Without the pictures, copy all the entries below exactly.

(Caption-style text data)
╭──
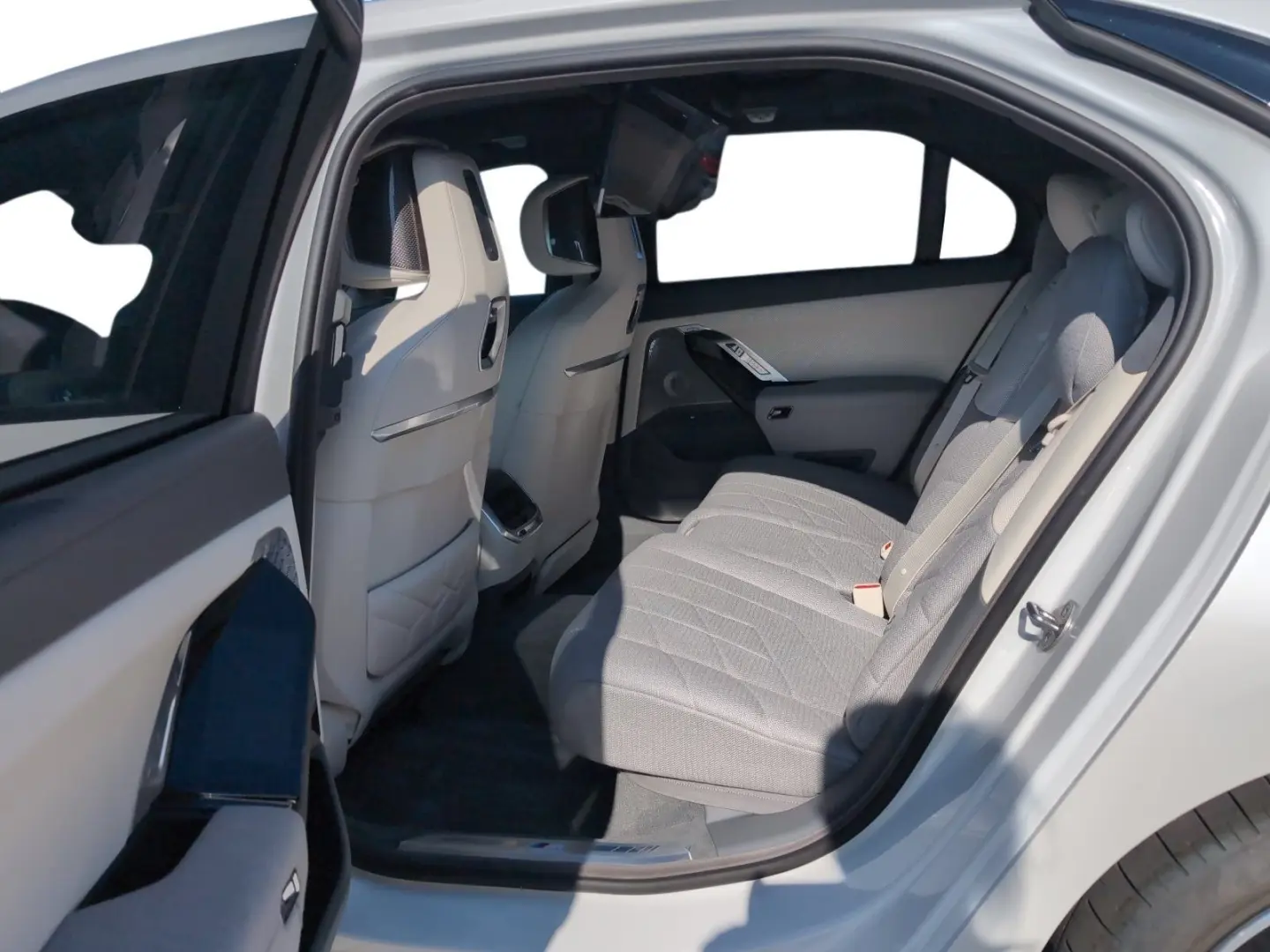 M760e xDrive M PERFORMANCE   MASSAGEFUNKTION
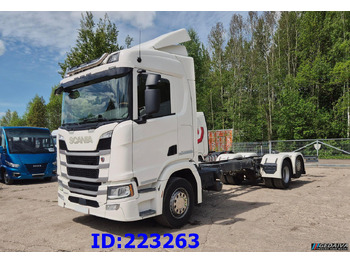 משאית עם שלדת תא SCANIA R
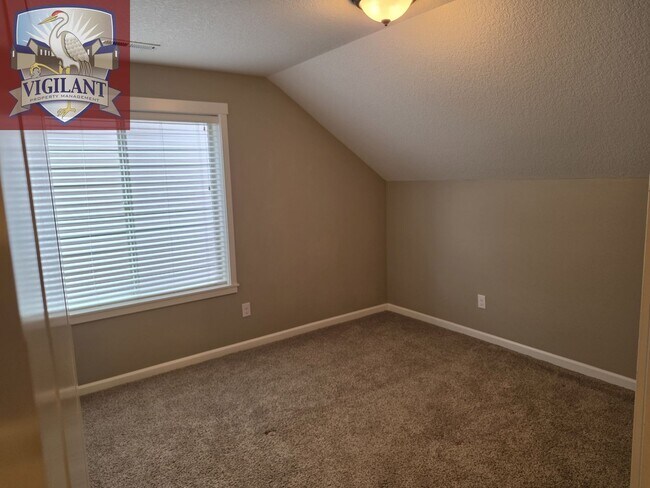 Building Photo - 2605 NE 130th Ct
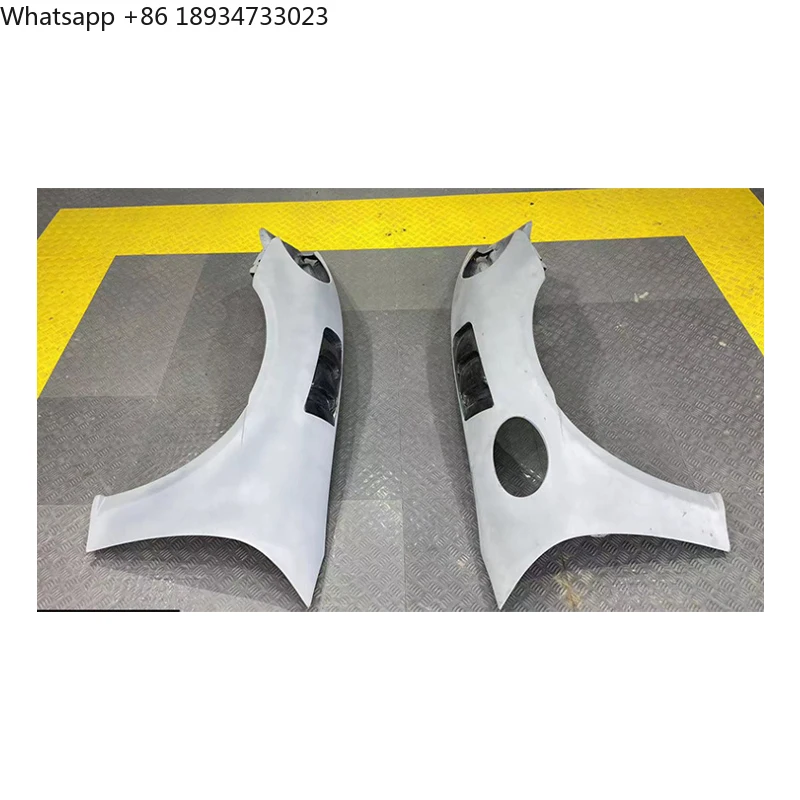 

Half Dry Carbon Fiber Front Fender for Porsche 718 Boxster GT4RS Front Fender Trims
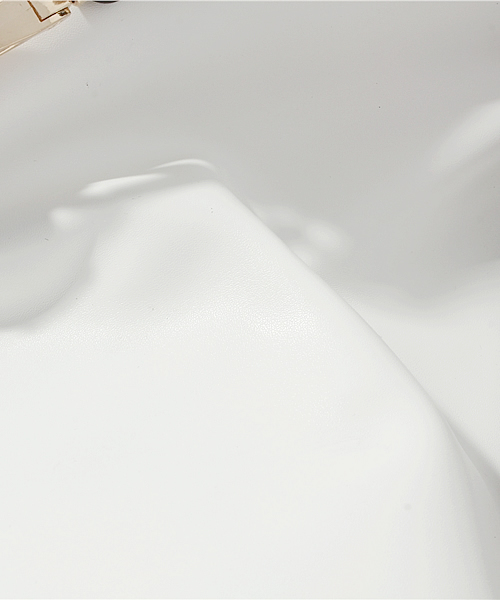 CIAOPANIC(チャオパニック)の「【Ciaopanic】2WAYバイカラーBAG(バックパック/リュック・レディース・ブラック×ホワイト/ベージュ系その他/ホワイト×ブルー・FREE)」の10枚目の写真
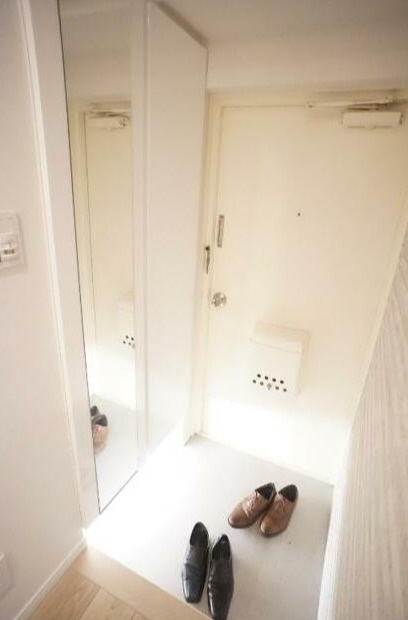  セブンスターマンション三軒茶屋の玄関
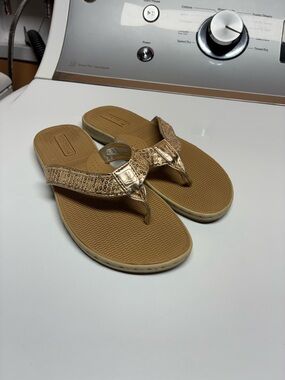 Sperry Tortolla gold sequin sandal size 6 new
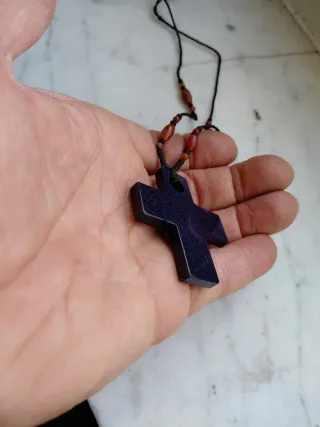 Collana con ciondolo croce blu scuro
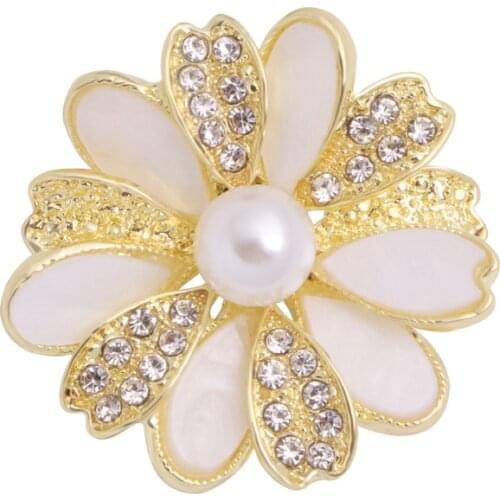 Fashion Sweet Daisy Trendy Pearl Brooch Flower Pin for Women Zircon Chrysanthemum Pin Broach Coat Jewelry Accessories Gift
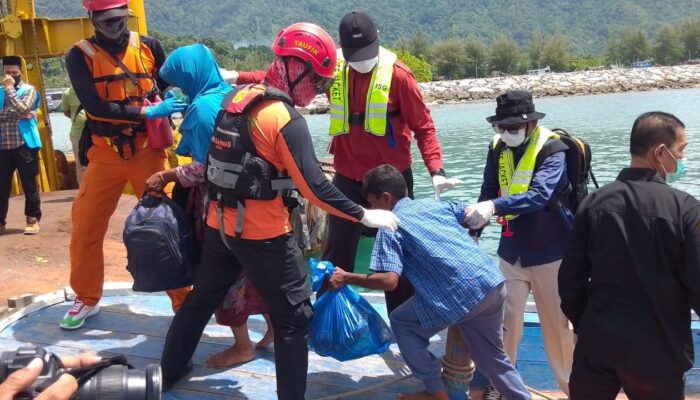 Masyarakat Aceh Selatan Beri Tenggat Waktu Seminggu Tampung 152 Etnis Rohingya
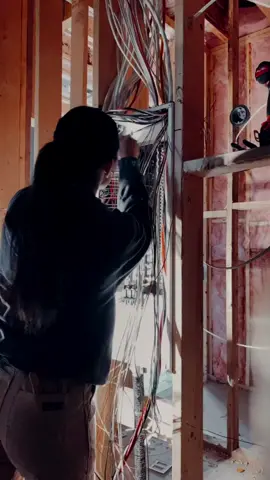 I could listen to this sound forever #electrician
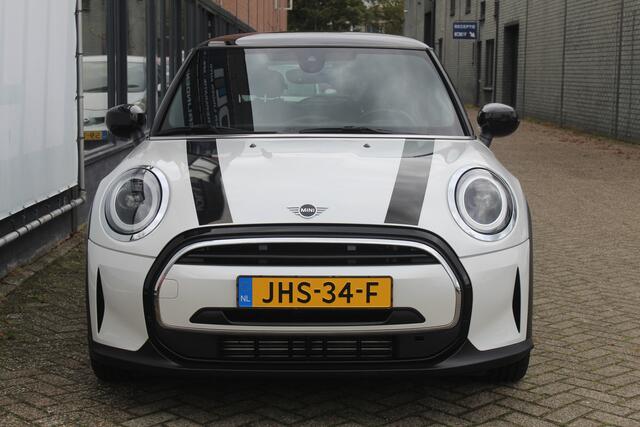 Mini COOPER Mini 1.5 Camden Go Edition Stoelverwarming l Apple carplay/ Android auto l Cruise control l Sfeerverlichting VDL auto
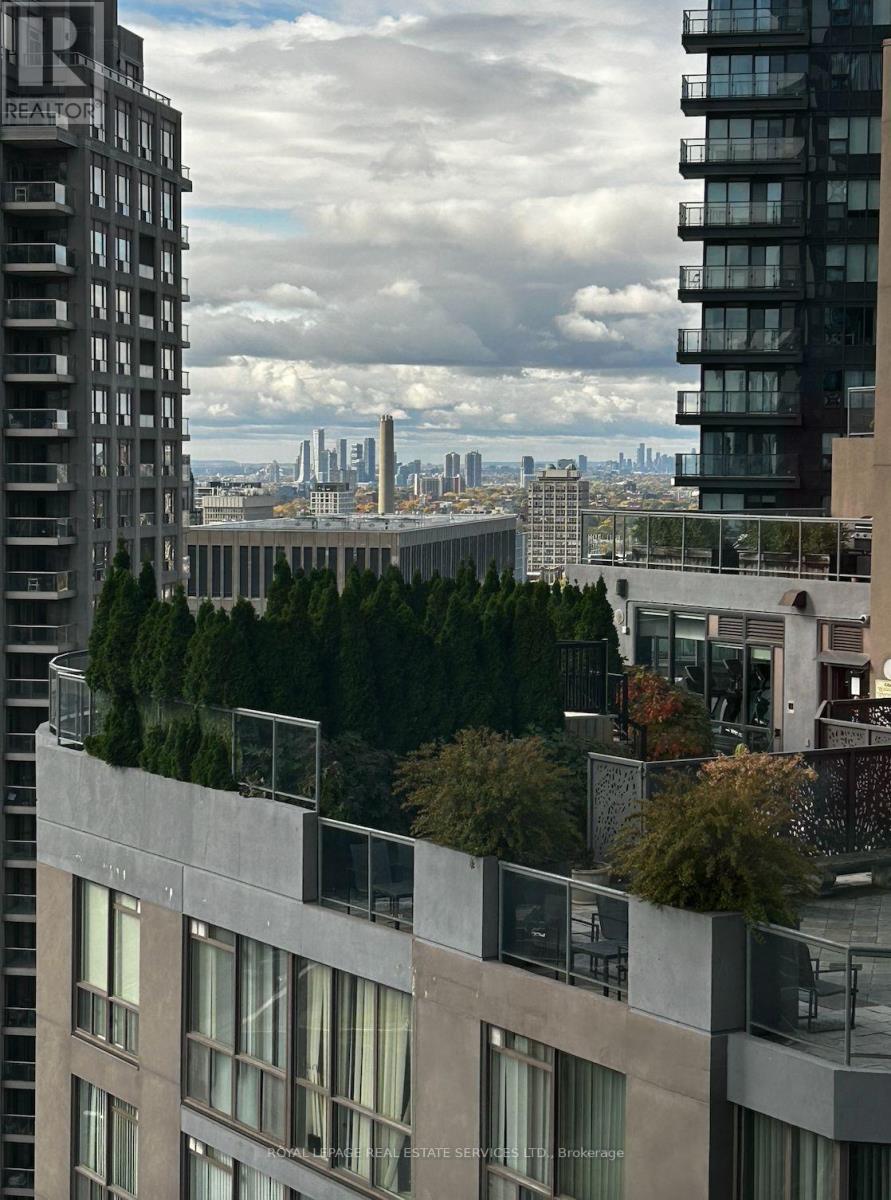 2616 - 8 Wellesley Street W, Toronto (Bay Street Corridor), Ontario  M4Y 0J5 - Photo 14 - C12482086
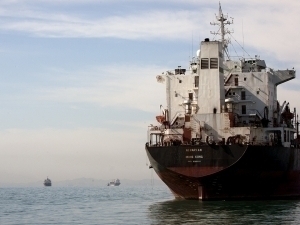 Эрон Ҳормуз орқали кемалар ўтишидан даромад олишни бошлади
╰──
TASK SOLUTION>
 M760e xDrive M PERFORMANCE   MASSAGEFUNKTION
 משאית עם שלדת תא SCANIA R
 Building Photo - 2605 NE 130th Ct

Half Dry Carbon Fiber Front Fender for Porsche 718 Boxster GT4RS Front Fender Trims
 CIAOPANIC(チャオパニック)の「【Ciaopanic】2WAYバイカラーBAG(バックパック/リュック・レディース・ブラック×ホワイト/ベージュ系その他/ホワイト×ブルー・FREE)」の10枚目の写真
  セブンスターマンション三軒茶屋の玄関
 Sperry Tortolla gold sequin sandal size 6 new
 Collana con ciondolo croce blu scuro
 Fashion Sweet Daisy Trendy Pearl Brooch Flower Pin for Women Zircon Chrysanthemum Pin Broach Coat Jewelry Accessories Gift
 Masyarakat Aceh Selatan Beri Tenggat Waktu Seminggu Tampung 152 Etnis Rohingya
 I could listen to this sound forever #electrician
 Mini COOPER Mini 1.5 Camden Go Edition Stoelverwarming l Apple carplay/ Android auto l Cruise control l Sfeerverlichting VDL auto
 2616 - 8 Wellesley Street W, Toronto (Bay Street Corridor), Ontario  M4Y 0J5 - Photo 14 - C12482086
 Эрон Ҳормуз орқали кемалар ўтишидан даромад олишни бошлади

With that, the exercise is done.